> [Task requirements]: Beginning with the line that includes "Princess Mononoke Forest" and ending with the last line, print the records exactly, leaving every picture out.

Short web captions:

○ ○ ○ ○

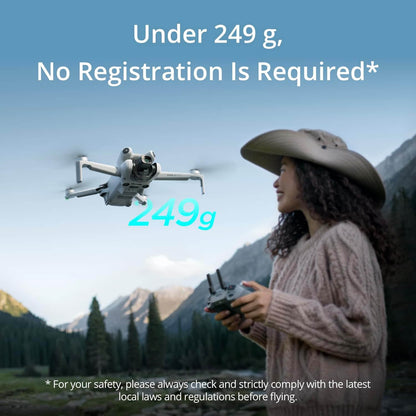 Postage DJI Mini 4 Pro Flying Multi-combination Omni-directional Intelligent FHD Video 10KM Transmission Remote Control Camera Elite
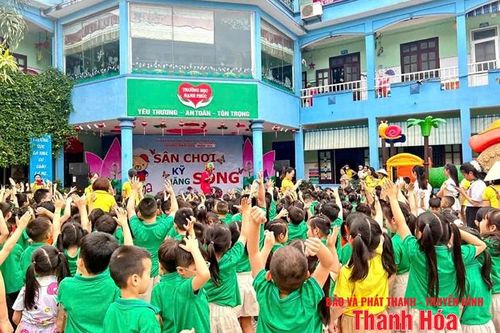 Nơi trẻ học trưởng thành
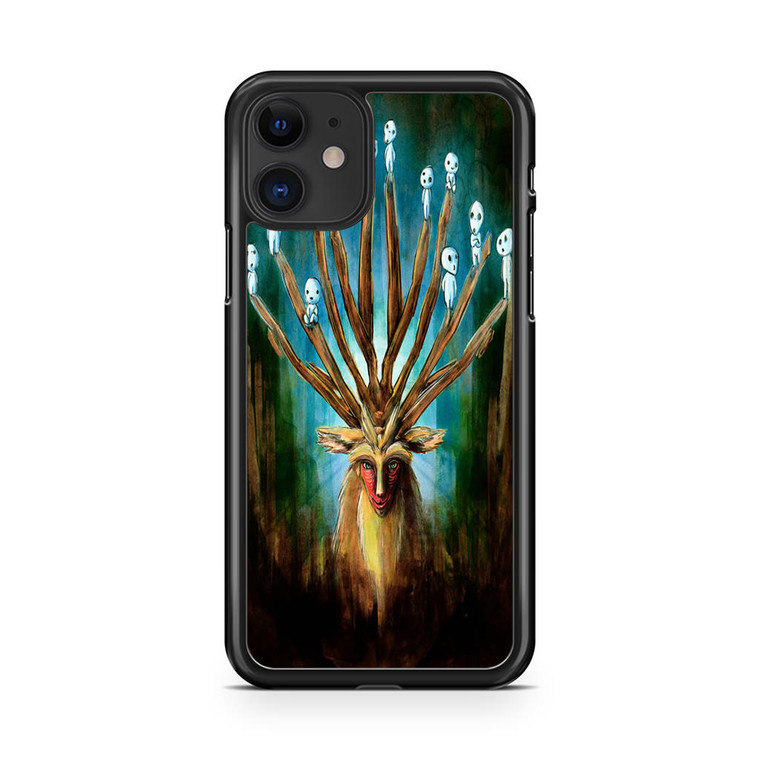 Princess Mononoke Forest Spirit iPhone 11 Case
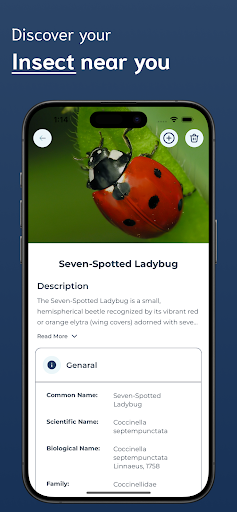 Insect Identifier ekran görüntüsü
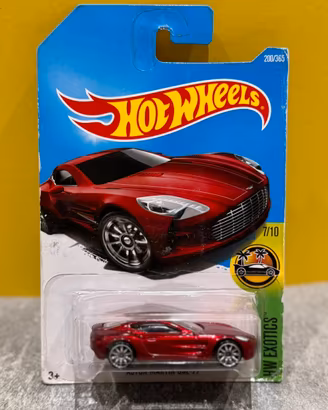 Aston Martin One-77 – HW Exotics 2017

○ ○ ○ ○

> [Answer to this problem]:
 Princess Mononoke Forest Spirit iPhone 11 Case
 Insect Identifier ekran görüntüsü
 Aston Martin One-77 – HW Exotics 2017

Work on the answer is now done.